De classicus Ilja Pfeijffer heeft zich ontpopt als zo'n duidende dichter. Eind vorig jaar hield hij de jongste generatie dichters een lachspiegel voor in het essay ‘De mythe van de verstaanbaarheid’. Dit stuk moest bewijzen dat onbegrijpelijke poëzie altijd beter is dan verstaanbare. Verstaanbare poëzie is plat, eendimensionaal, simplificerend en daarom leugenachtig. Aardig voor op het podium, maar geen grote dichtkunst: ‘puistig provoceren op een popi podium is geen poëzie / want poëzie is geen performance / versterkte taal die niet electrisch vonkt / blijft blubberen als zwakstroom / wie ritme uit een box moet lenen hoopt te zingen / maar hij zingt niet.’ Een goed gedicht zou, volgens Pfeijffer, de ‘inelkaargewikkeldheid’ van de dingen moeten aantonen. Dat het daardoor onbegrijpelijk wordt, lijkt hij eerder nastrevenswaardig dan belemmerend te vinden. ‘Complexe gedichten worden geschreven omdat de werkelijkheid complex is’, aldus de dichter: ‘poëzie is vrezen met groten vreze in een slapeloos kinderbedje / omdat je niet weet of je vergramd hebt / dan wel balkend roos herkauwen en weten dat het lukken zal / te spreken als een mens en sprekend als een mens / in donkere catacomben de geheimste woorden / uit de oude boeken te bezweren dat het lood / van de cirkel volgens de gulden snede / pentagrammatisch in de vijfde essentie vierkant raakt / gequadrateerd en leem begint te ademen op voeten / poëzie is gevaarlijk of zij is geen poëzie’.
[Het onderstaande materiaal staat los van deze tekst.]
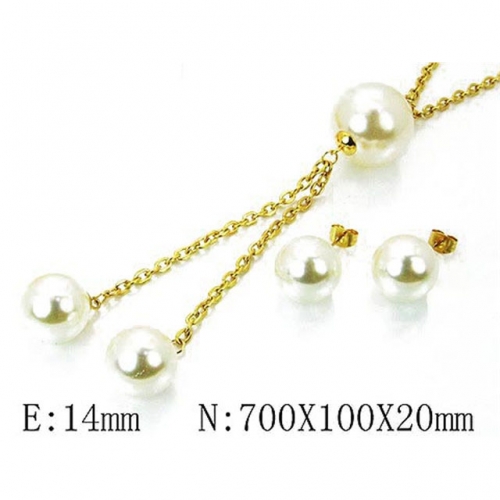 Wholesale Stainless Steel 316L Jewelry Pearl Sets NO.#BC59S2693HIR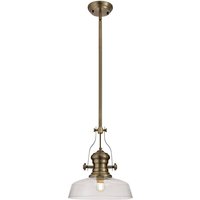 Cairo Telescopic Dome Ceiling Pendant E27 With 30cm Flat Round Glass Shade, Antique Brass, Clear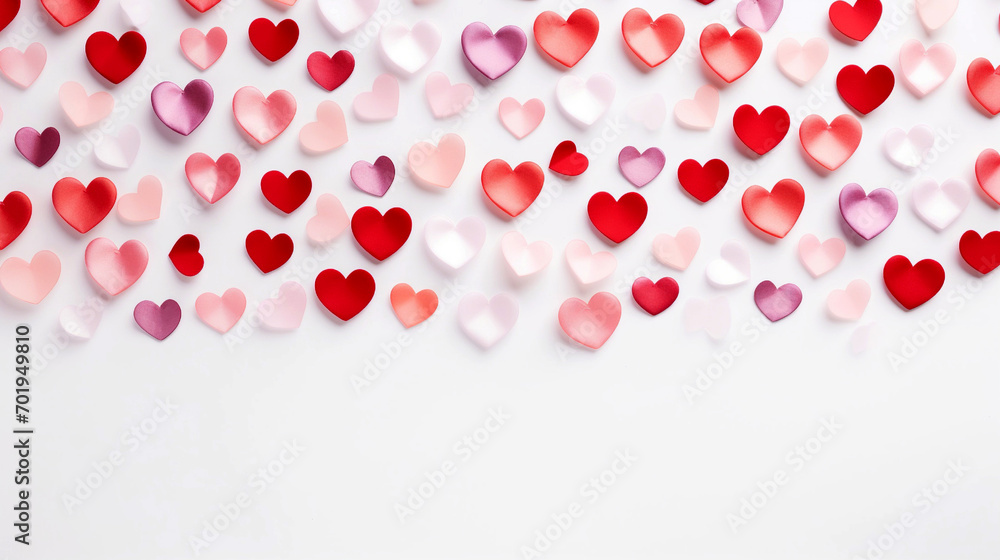 Romantic background for Valentine's Day. Valentine's Day card template with randomly scattered paper hearts. Valentine's Day Card Template with Paper Hearts Randomly Scattered for a holiday gift. Romantic background for Valentine's Day. Valentine's Day card template with randomly scattered paper hearts. Valentine's Day Card Template with Paper Hearts Randomly Scattered for a holiday gift.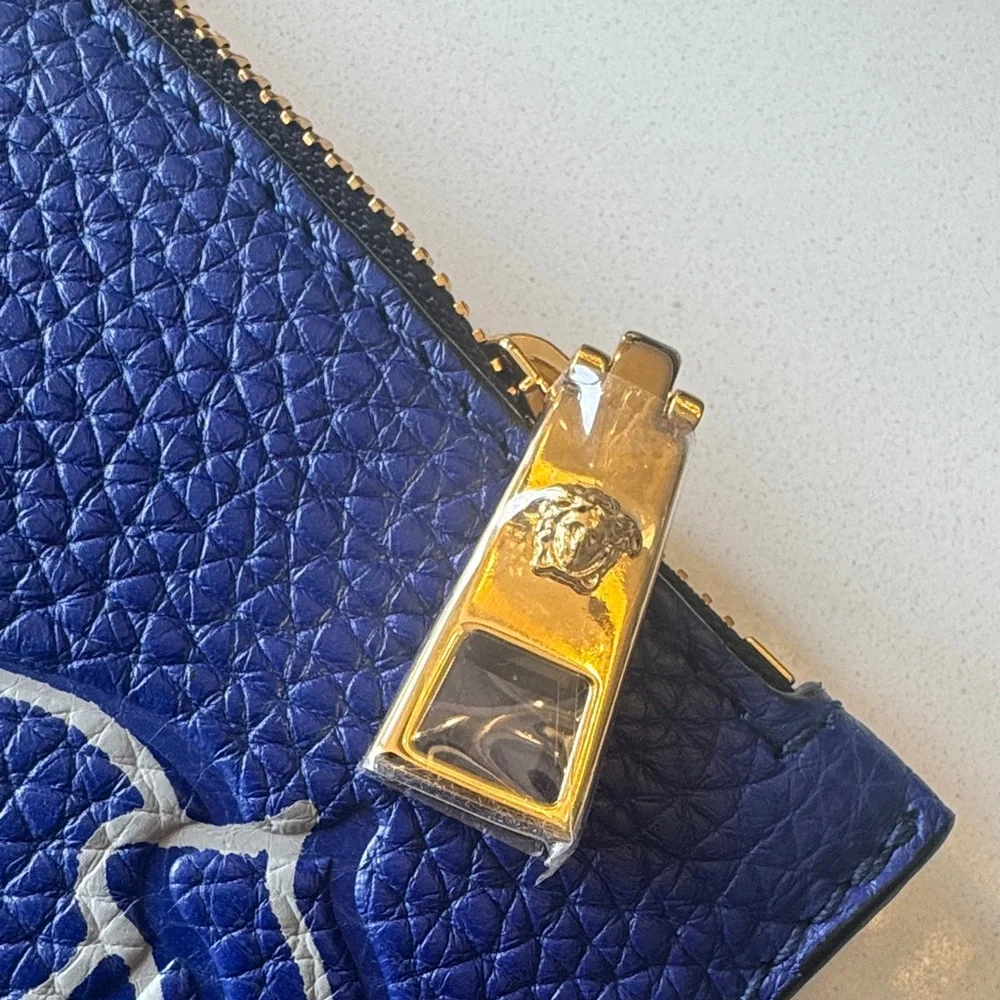 Versace Blue Medusa Leather Clutch Wristlet NWT with Dust Bag - Picture 2 of 7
Nu zijn er in de vorige eeuw heel wat verhitte literaire debatten gevoerd, maar over het algemeen waren er minstens een páár voor- en tegenstanders om elkaar in de haren te vliegen. Het boeiende aan Pfeijffers kritiek is dat hij, althans wat zijn eigen generatie betreft, volstrekt alleen staat. Dat komt waarschijnlijk doordat hij de gelauwerde canon niet tegenspreekt, maar in de kaart speelt. De dichters die hij hekelt zijn niet de veertigplussers met hun kont op het pluche, maar de aanstormende angry young men. Hij vermoordt niet zijn vaderen, maar zijn broeders. In dat licht is het ook niet zo vreemd dat hij hardvochtig van repliek is gediend. Het verwoede debat is te volgen op de site www.epibreren.com/pages/reacties.html. Het is verplichte kost voor wie wil weten wat de jongste dichtersgeneratie bezielt. In een reactie op de storm aan protest die zijn stuk opriep, schrijft Pfeijffer: ‘Ik ben helemaal niet TEGEN jullie. Ik wil alleen niet zijn zoals jullie.’
Het zal wel niet zo zijn dat dichten en duiden elkaar volkomen uitsluiten, maar grote duiders zijn zelden grote dichters. Ze hebben de neiging om overleefd te worden door de dichters die ze aanprijzen. De mindere dichters die ze afwijzen waren ook zonder hun kritiek ten dode opgeschreven, de goede komen in de regel sterker dan ooit uit de woordenstrijd. Goed, een dichter wordt niet snel onsterfelijk, maar voor een duider valt nooit meer te halen dan een grimmig, vergankelijk gelijk. Het kan geen kwaad als zowel Ilja Pfeijffer als zijn felste tegenstanders zich dat realiseren.